Educazione ed “eccellenza”
Edgar Morin, Howard Gardner, Joseph Ratzinger: un insigne sociologo, un celebre psicologo-pedagogista, un autorevole teologo-papa. Cosa hanno in comune queste tre prestigiose figure della cultura contemporanea?
Ciò che più avvicina personalità così diverse è la loro insistenza circa la priorità da dare all’educazione. Sfida urgente, come ha ribadito pochi giorni fa Benedetto XVI nel messaggio all’Assemblea della Conferenza episcopale italiana. Ma è pure un’emergenza di carattere mondiale, come evidenziato nel Rapporto dell’Unesco presentato il mese scorso. Tanto che si avverte ormai la necessità di creare una “assise mondiale dell’educazione”, in grado di affrontare i profondi cambiamenti culturali e sociali. Obbiettivi raggiungibili attraverso una nuova qualità dell’istruzione per tutti e una maggiore attenzione alla dimensione etica dell’educazione.
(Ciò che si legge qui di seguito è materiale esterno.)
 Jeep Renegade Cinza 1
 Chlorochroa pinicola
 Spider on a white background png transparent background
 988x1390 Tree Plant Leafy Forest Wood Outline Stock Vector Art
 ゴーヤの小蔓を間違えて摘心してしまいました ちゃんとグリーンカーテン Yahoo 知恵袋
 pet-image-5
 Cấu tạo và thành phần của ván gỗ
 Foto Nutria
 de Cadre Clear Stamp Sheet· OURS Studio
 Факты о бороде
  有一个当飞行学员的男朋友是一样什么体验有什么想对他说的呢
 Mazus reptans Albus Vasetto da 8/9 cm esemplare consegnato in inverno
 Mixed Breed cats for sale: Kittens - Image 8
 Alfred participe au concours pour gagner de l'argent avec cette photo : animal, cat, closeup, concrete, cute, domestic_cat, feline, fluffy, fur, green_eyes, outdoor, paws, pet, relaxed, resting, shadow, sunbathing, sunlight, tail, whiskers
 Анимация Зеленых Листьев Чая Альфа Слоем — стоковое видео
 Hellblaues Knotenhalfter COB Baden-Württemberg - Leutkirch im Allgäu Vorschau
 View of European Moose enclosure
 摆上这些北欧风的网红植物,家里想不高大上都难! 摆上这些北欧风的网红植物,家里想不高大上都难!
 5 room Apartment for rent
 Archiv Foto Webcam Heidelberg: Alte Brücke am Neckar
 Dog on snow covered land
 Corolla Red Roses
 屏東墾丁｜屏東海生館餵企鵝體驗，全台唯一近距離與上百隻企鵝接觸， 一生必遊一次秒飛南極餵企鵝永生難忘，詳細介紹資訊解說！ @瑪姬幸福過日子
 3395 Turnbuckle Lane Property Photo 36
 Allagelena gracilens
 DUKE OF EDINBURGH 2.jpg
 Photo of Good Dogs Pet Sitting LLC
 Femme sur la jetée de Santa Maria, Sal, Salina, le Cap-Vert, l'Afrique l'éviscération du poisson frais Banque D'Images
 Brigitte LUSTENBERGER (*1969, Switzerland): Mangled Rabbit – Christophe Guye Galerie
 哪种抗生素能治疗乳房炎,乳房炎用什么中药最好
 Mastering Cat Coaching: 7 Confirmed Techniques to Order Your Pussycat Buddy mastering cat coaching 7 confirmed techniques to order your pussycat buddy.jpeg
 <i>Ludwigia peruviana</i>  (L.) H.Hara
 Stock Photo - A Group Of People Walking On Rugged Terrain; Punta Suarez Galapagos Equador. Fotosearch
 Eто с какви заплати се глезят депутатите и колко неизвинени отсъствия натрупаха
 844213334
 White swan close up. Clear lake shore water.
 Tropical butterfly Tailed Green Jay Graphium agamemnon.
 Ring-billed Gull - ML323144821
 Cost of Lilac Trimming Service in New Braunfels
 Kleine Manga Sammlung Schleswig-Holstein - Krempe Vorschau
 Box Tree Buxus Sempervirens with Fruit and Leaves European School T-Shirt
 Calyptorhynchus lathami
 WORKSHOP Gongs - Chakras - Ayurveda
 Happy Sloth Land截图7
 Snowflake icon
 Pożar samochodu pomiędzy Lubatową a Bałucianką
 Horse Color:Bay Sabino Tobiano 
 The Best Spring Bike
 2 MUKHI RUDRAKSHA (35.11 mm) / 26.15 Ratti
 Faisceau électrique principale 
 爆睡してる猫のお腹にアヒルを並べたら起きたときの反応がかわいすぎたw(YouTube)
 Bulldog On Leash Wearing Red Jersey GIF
Una “testa ben fatta” capace di collegare le conoscenze e dar loro un senso; centralità della persona e della comunità, del dialogo e del senso di reciprocità; l’importanza di coniugare cultura umanistica e cultura scientifica… Sono sfide complesse, dal cui esito può dipendere davvero il futuro delle giovani generazioni. Un orizzonte nuovo in cui anche molti, pur di diverso orientamento, cercano di riconoscersi, nella volontà di riappropriarsi di un comune denominatore educativo.
Così la sfera della verità, della bellezza, della morale stanno ricomparendo nella loro essenziale necessità educativa, come sottolinea lo psicologo statunitense Gardner. Valori che, soprattutto oggi, dobbiamo avere il coraggio di rimettere al centro dei nostri dibattiti e stili di vita, alla base di ogni riforma. Prima tra tutte la riforma-madre, che riguarda l’importanza cruciale della relazione educativa.
Occorre tendere insieme più in alto, coinvolgendo l’intera comunità educante, che non è solo scuola e famiglia, ma politica, economia, giustizia, arte, comunicazione… Perché, se non si avvia questo reciproco, responsabile coinvolgimento, il rischio è che troppe “lezioni” mediatiche continuino comunque a dispensare – e a imporre – la loro suadente quanto irresponsabile pedagogia del “così fan tutti” o dell’ “ognuno è libero di fare quello che vuole”. Alla faccia del vero, del bello e del buono.
Come sottolinea Beppe Severgnini, «nessuno vuol usare la televisione per fare della morale, ma cerchiamo almeno di non renderla immorale». In giro, ancora, ci sono tante vere, belle, buone “eccellenze”.